● **Problem to solve**: Pull out the lines from the one containing "Piste de ski" through the final line of the listing below and repeat them exactly. Leave the pictures behind.

● **Dataset excerpts**:
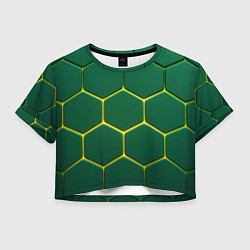 Футболка 3D укороченная женская Зеленые плиты с желтым светом, цвет: 3D-принт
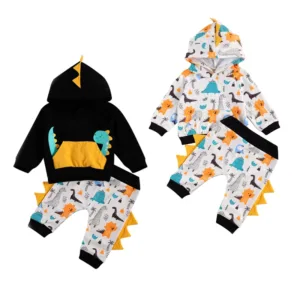 Citgeett Autumn 0-24M Winter Baby Boys Clothes Sets Dinosaur Print Hooded Long Sleeve Pullover Pocket Tops Pants Set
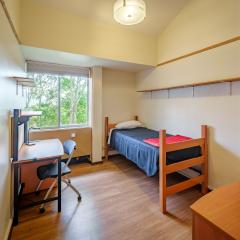 A bedroom with a twin bed, a desk, a chair, and a dresser.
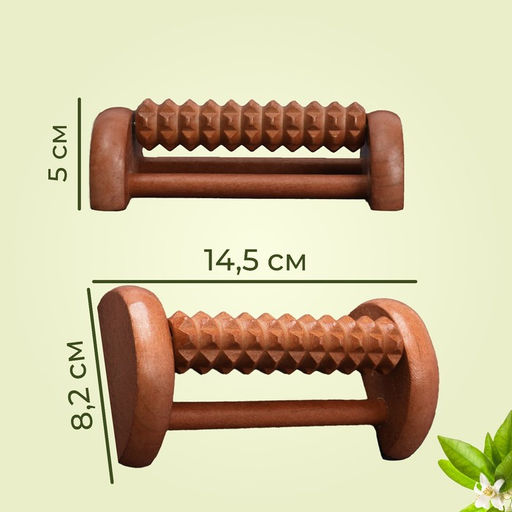 Массажёр для ног «Барабан», деревянный, 1 ролик с шипами, 14.5×8.2×5 см
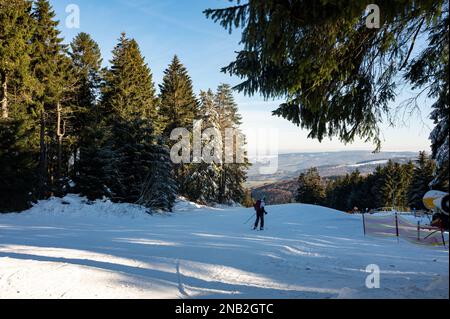 Piste de ski sur la Wasserkuppe avec skieurs, canons à neige sur le côté et ciel bleu et arbres Banque D'Images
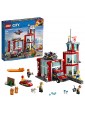 LEGO City Fire 60215- Caserma dei Pompieri su 3 Livelli con 4 Minifigures  Mattoncini Sonori e Luminosi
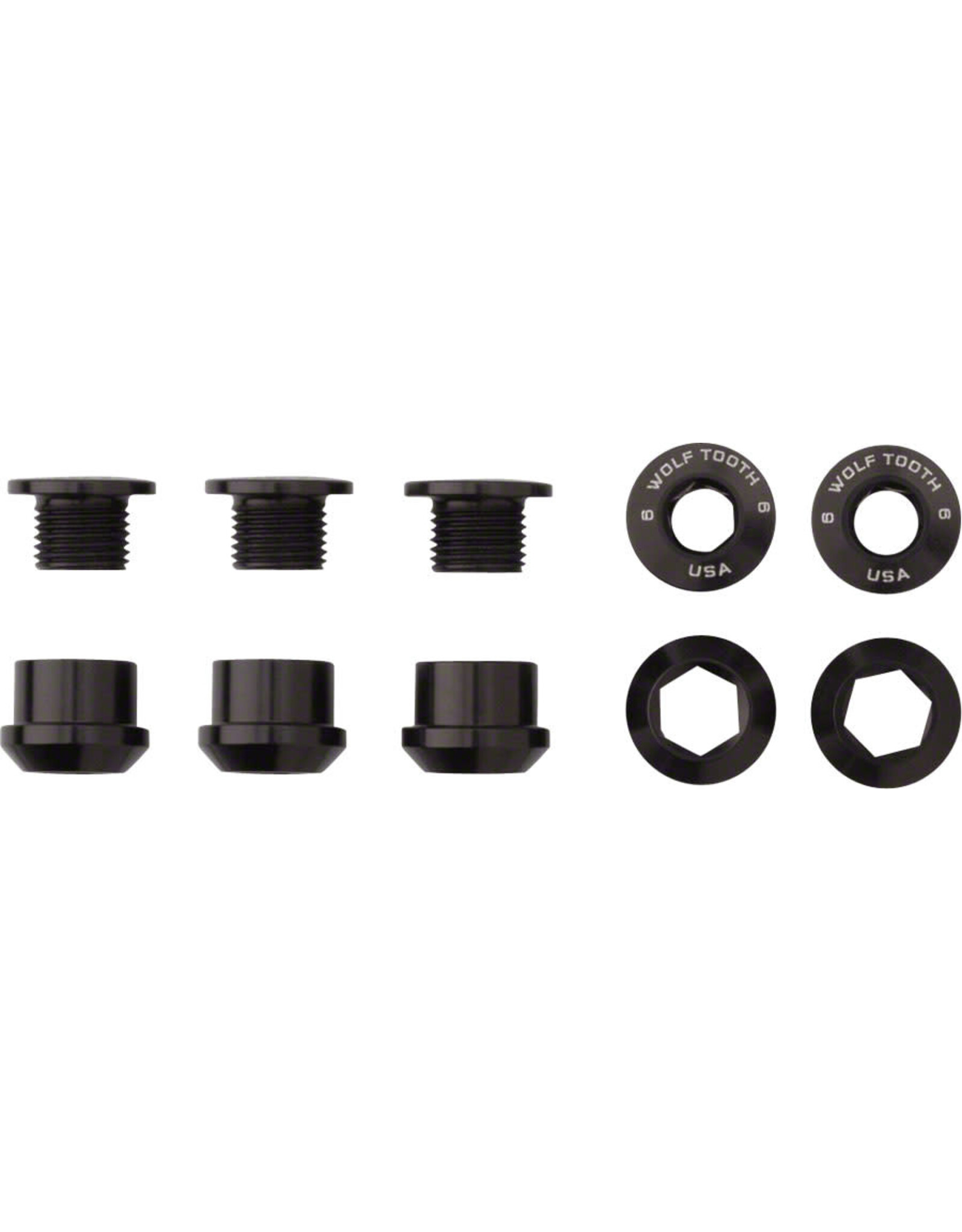 Wolf Tooth Wolf Tooth Set of 5 Chainring Bolts for 1x use, Dual Hex Fittings, Black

● **Answer space**:
 Piste de ski sur la Wasserkuppe avec skieurs, canons à neige sur le côté et ciel bleu et arbres Banque D'Images
 LEGO City Fire 60215- Caserma dei Pompieri su 3 Livelli con 4 Minifigures  Mattoncini Sonori e Luminosi
 Wolf Tooth Wolf Tooth Set of 5 Chainring Bolts for 1x use, Dual Hex Fittings, Black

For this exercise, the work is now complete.